- **TASK DETAILS**:
Repeat word for word every line from the one holding "Rideau thermique haut" to the end of the material below.

* * * * * * * * *

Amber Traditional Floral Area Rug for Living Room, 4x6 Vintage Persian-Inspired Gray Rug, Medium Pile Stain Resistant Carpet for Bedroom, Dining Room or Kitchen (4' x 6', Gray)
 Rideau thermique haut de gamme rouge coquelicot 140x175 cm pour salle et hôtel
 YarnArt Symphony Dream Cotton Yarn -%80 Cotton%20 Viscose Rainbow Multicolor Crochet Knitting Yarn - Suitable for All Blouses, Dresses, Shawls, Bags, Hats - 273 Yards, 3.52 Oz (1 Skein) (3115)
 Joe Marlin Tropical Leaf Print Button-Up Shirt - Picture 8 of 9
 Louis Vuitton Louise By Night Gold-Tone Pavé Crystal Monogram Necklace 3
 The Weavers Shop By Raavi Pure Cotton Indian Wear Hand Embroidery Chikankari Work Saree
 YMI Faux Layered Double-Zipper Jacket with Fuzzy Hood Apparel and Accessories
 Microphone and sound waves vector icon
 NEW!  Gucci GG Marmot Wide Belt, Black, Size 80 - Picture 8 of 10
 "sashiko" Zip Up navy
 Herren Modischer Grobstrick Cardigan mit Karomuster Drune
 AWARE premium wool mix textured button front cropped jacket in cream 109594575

* * * * * * * * *

- **ANSWER FOR THIS EXERCISE**:
 Rideau thermique haut de gamme rouge coquelicot 140x175 cm pour salle et hôtel
 YarnArt Symphony Dream Cotton Yarn -%80 Cotton%20 Viscose Rainbow Multicolor Crochet Knitting Yarn - Suitable for All Blouses, Dresses, Shawls, Bags, Hats - 273 Yards, 3.52 Oz (1 Skein) (3115)
 Joe Marlin Tropical Leaf Print Button-Up Shirt - Picture 8 of 9
 Louis Vuitton Louise By Night Gold-Tone Pavé Crystal Monogram Necklace 3
 The Weavers Shop By Raavi Pure Cotton Indian Wear Hand Embroidery Chikankari Work Saree
 YMI Faux Layered Double-Zipper Jacket with Fuzzy Hood Apparel and Accessories
 Microphone and sound waves vector icon
 NEW!  Gucci GG Marmot Wide Belt, Black, Size 80 - Picture 8 of 10
 "sashiko" Zip Up navy
 Herren Modischer Grobstrick Cardigan mit Karomuster Drune
 AWARE premium wool mix textured button front cropped jacket in cream 109594575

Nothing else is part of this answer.